As of this morning, the Feds didn’t want to say if they’d asked the FISA court to renew the order allowing it to collect the data on every single phone call from Verizon (and likely every other major phone carrier, though it’s unclear if the orders for those others also expired today). However, as more and more people raised the question, the office of the Director of National Intelligence apparently recognized that they couldn’t avoid answering the question forever, and admitted what everyone already knew: yes, it had asked for a renewal of the order and yes (of course) the rubber stamp FISA court had rubber stamped its approval:

Consistent with his prior declassification decision and in light of the significant and continuing public interest in the telephony metadata collection program, the DNI has decided to declassify and disclose publicly that the Government filed an application with the Foreign Intelligence Surveillance Court seeking renewal of the authority to collect telephony metadata in bulk, and that the Court renewed that authority.

The Administration is undertaking a careful and thorough review of whether and to what extent additional information or documents pertaining to this program may be declassified, consistent with the protection of national security.

It may be undertaking that internal review, but one thing that it does not want is to have to defend the whole shebang in court. Because the DOJ has now filed its response to the ACLU’s lawsuit over the very same program (one of many such lawsuits, but one of the most high profile ones). The DOJ is asking for the case to be thrown out, of course. There are a bunch of reasons suggested, including arguing that the ACLU doesn’t have standing. That’s quite an argument, because the leaked order makes it clear that all customers of Verizon business services have had their data collected, and the ACLU just happens to be a customer. However, the DOJ argues “nuh uh,” saying it doesn’t actually count until someone in the government looks at the data it collected, and the ACLU has no proof that the government actually looked at the data.

Plaintiffs cannot meet this essential requirement, even assuming their metadata have been or will be collected, because it is no more than speculation that their metadata have been or ever will be among the very small percentage of the records in the database that are ever reviewed. They neither allege nor point to any basis on which to conclude that any identifier of theirs is among the small number authorized for queries under the RAS standard. See Complaint, IN 25-27. Indeed, the chances that their metadata will be used or reviewed in a query are so speculative that they lack Article III standing to seek the injunctive relief requested in their July 2 letter.

In other words, because the feds only look at a few records, they can collect them all. That’s the theory they’ve been working under for a while, but that would require you to believe that there is no “search and seizure” of information that the government collects until it actually does something with that data. While the FISA court may agree with that, it’s not at all clear that a real federal court — or even the Supreme Court — would do so too.

Next, the DOJ argues that since this data is collected under &sec;215 it’s clearly legal, end of story. Furthermore, they claim that collecting all the data (all of it!) meets the standard of “relevant” to an investigation, as required by the statute — though, as others have described, much of this requires a handy-dandy redefining of the word “relevant.” Don’t you just love the malleability of the English language?
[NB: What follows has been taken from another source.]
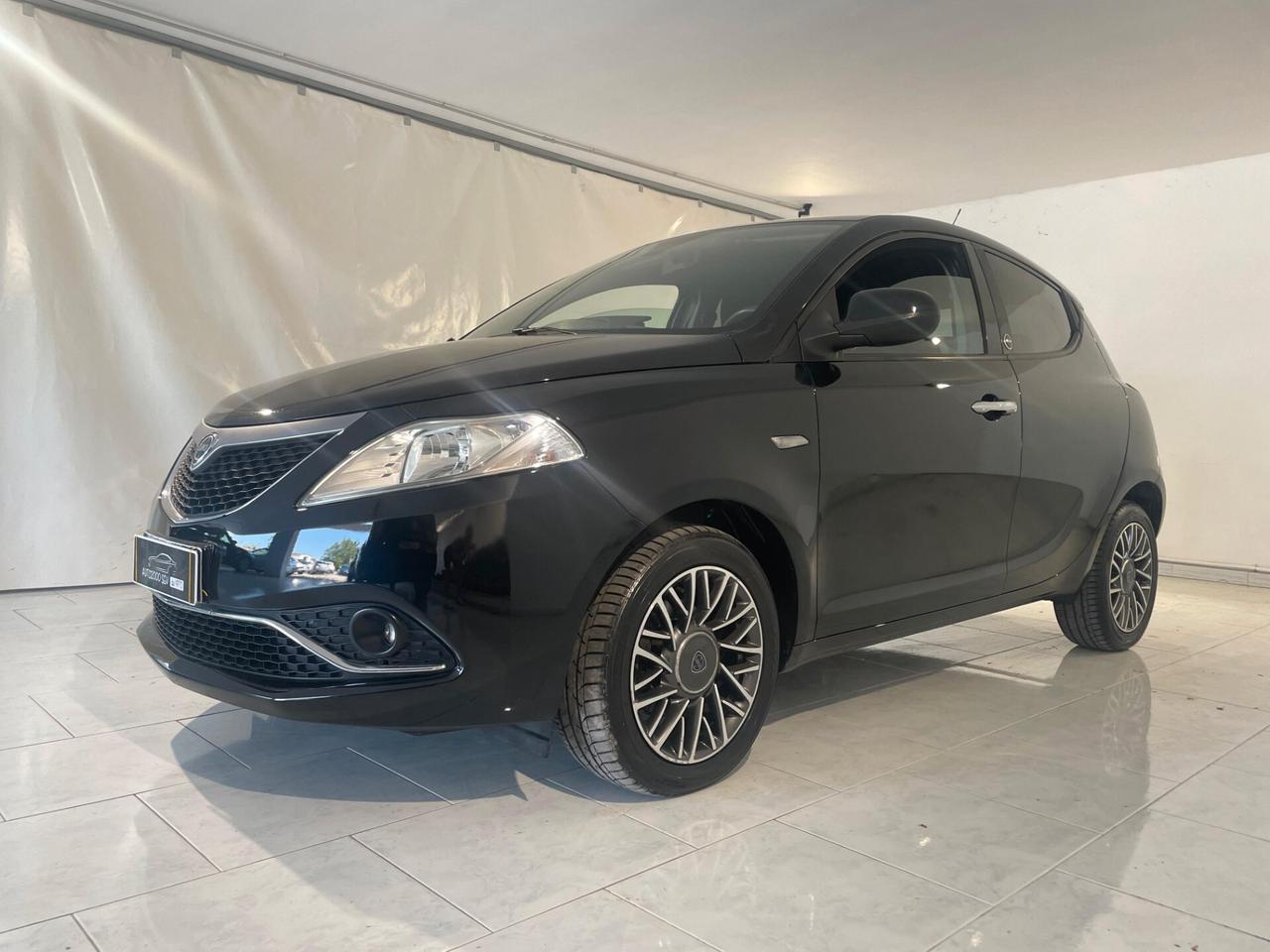 Lancia Ypsilon 1.2 GPL Ecochic Gold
The large volume of telephony metadata is relevant to FBI investigations into specific foreign terrorist organizations because to identify potential terrorist communications under this court-imposed query standard requires collecting and storing a large volume and high percentage of information about unrelated communications, to ensure that the much smaller subset of terrorist-related telephony metadata records are contained within the dataset. These data allow the Government to make connections related to terrorist activities over time and can assist counter-terrorism personnel to discover whether known or suspected terrorists have been in contact with other persons who may be engaged in terrorist activities, including persons and activities inside the United States. If not collected and held by the Government, the metadata may not remain available for the period necessary for these national security purposes, because it need not be retained for that period by telecommunications service providers. Moreover, unless the data are aggregated, it may not be possible to identify telephony metadata records that cross different telecommunications networks. In short, because the telephony metadata must be available in bulk to allow the Government to identify the records of terrorist communications, there are “reasonable grounds to believe” that the data are relevant to authorized investigations to protect against international terrorism, as Section 215 requires, even though most of the records in the database are not associated with terrorist activity.
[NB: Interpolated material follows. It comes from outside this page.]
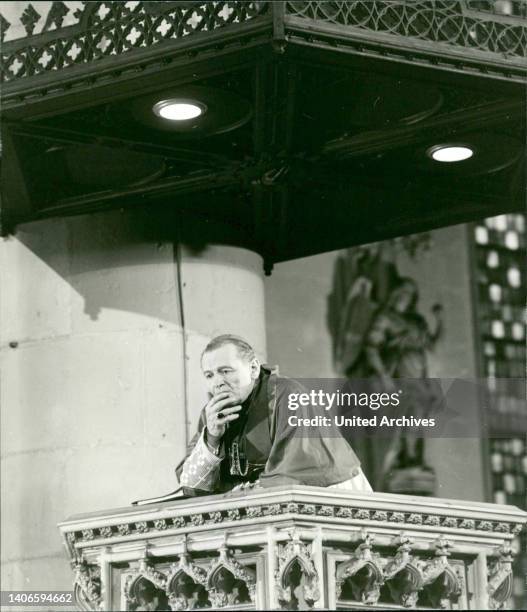 Bischof Galen hält in der Lambertikirche zu Münster eine Predigt. Das Gotteshaus ist überfüllt. Galen ist außer sich, denn am Vortage hat die Gestapo...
Basically, “all your data belong to us” because some of it might be relevant to some investigation at some undefined point. If that’s the rule, then the government can collect anything and everything.

The DOJ also pulls out the expected Smith v. Maryland “third party doctrine” claim to say that the collection of the data from phone companies is legal because there’s no expectation of privacy in the metadata about your calls held by a third party. We’ve pointed out multiple times how that stretches the interpretation of that case, perhaps well past the breaking point.

Either way, combine these two stories, and what you get is that, yes, the feds are still collecting every bit of data on every call you make… and there’s no legal way you can challenge it because you don’t have standing and it’s all legal — but not so legal that we’re comfortable with it being tested in court. Doesn’t that seem wrong?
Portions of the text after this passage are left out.